Search code examples
scalamavenapache-sparksbtparquet

Not able to read parquet files in spark : java.lang.NoSuchMethodError: org.json4s.jackson.JsonMethods


I am trying to read snappy compressed parquet file but keep on getting below exception.
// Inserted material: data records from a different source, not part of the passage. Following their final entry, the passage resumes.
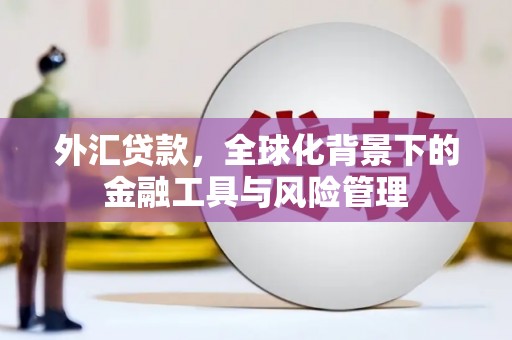 黔东南外汇贷款，全球化背景下的金融工具与风险管理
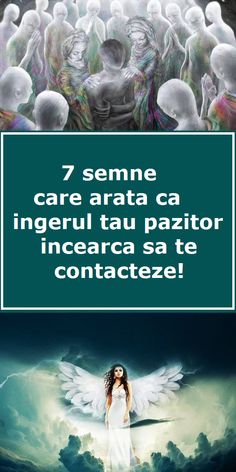 pierdere în greutate de praf de zână sanctuarul sanctuarului penang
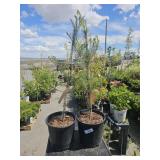 2 Scots Pine Tree Aprox a2 ft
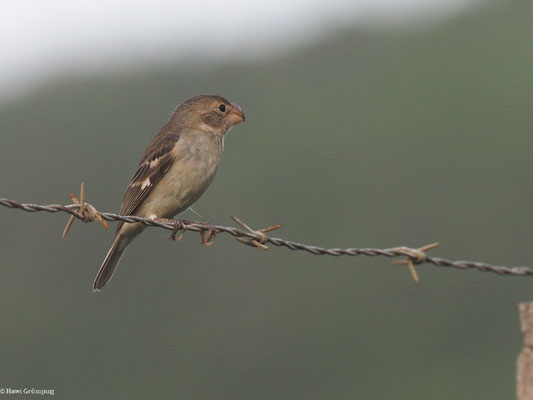 PAPAGEISCHNABELPFÄFFCHEN, PARROT-BILLED SEEDEATER - SPOROPHILA PERUVIANA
I am not able to find the root cause for this exception, can someone please guide me here?

   val sparkSession: SparkSession = SparkSession.builder()
  .master("local[2]")
  .config("spark.ui.enabled",false)
  .appName("local-intellij")
  .getOrCreate()
val df = sparkSession.read.parquet("C:\\data\\parquet\\part-00000-4ce5708f-2f50-485d-8ae4-7c5ea440fda6.c000.snappy.parquet")

My dependencies are :

lazy val json4sVersion = "3.5.0"
lazy val json4sDeps = Seq(
"org.json4s" %% "json4s-core" % json4sVersion,
"org.json4s" %% "json4s-native" % json4sVersion,
"org.json4s" %% "json4s-ast" % json4sVersion,
"org.json4s" %% "json4s-jackson" % json4sVersion)
lazy val sparkVersionCore = "2.3.0.cloudera2"
lazy val sparkDeps = Seq(
"org.apache.spark" %% "spark-hive" % sparkVersionCore,
"org.apache.spark" %% "spark-core" % sparkVersionCore)

java.lang.NoSuchMethodError: org.json4s.jackson.JsonMethods$.parse(Lorg/json4s/JsonInput;Z)Lorg/json4s/JsonAST$JValue; at org.apache.spark.sql.types.DataType$.fromJson(DataType.scala:113) at org.apache.spark.sql.execution.datasources.parquet.ParquetFileFormat$$anonfun$org$apache$spark$sql$execution$datasources$parquet$ParquetFileFormat$$deserializeSchemaString$3.apply(ParquetFileFormat.scala:650) at org.apache.spark.sql.execution.datasources.parquet.ParquetFileFormat$$anonfun$org$apache$spark$sql$execution$datasources$parquet$ParquetFileFormat$$deserializeSchemaString$3.apply(ParquetFileFormat.scala:650) at scala.util.Try$.apply(Try.scala:192) at org.apache.spark.sql.execution.datasources.parquet.ParquetFileFormat$.org$apache$spark$sql$execution$datasources$parquet$ParquetFileFormat$$deserializeSchemaString(ParquetFileFormat.scala:650) at org.apache.spark.sql.execution.datasources.parquet.ParquetFileFormat$$anonfun$readSchemaFromFooter$1.apply(ParquetFileFormat.scala:643) at org.apache.spark.sql.execution.datasources.parquet.ParquetFileFormat$$anonfun$readSchemaFromFooter$1.apply(ParquetFileFormat.scala:643)


Solution

  • clear jar version mismatch for spark version 2.3.0.

    AFAIK you have to use org.json4s json4s-jackson_2.11 3.2.11

    // https://mvnrepository.com/artifact/org.json4s/json4s-jackson
    libraryDependencies += "org.json4s" %% "json4s-jackson" % "3.2.11"
    

    AFAIK this entry is not reuqired I think will be auomatically downloaded once you mention the spark version in sbt. Just try to remove the entry and see... if its not working add aforementioned entry.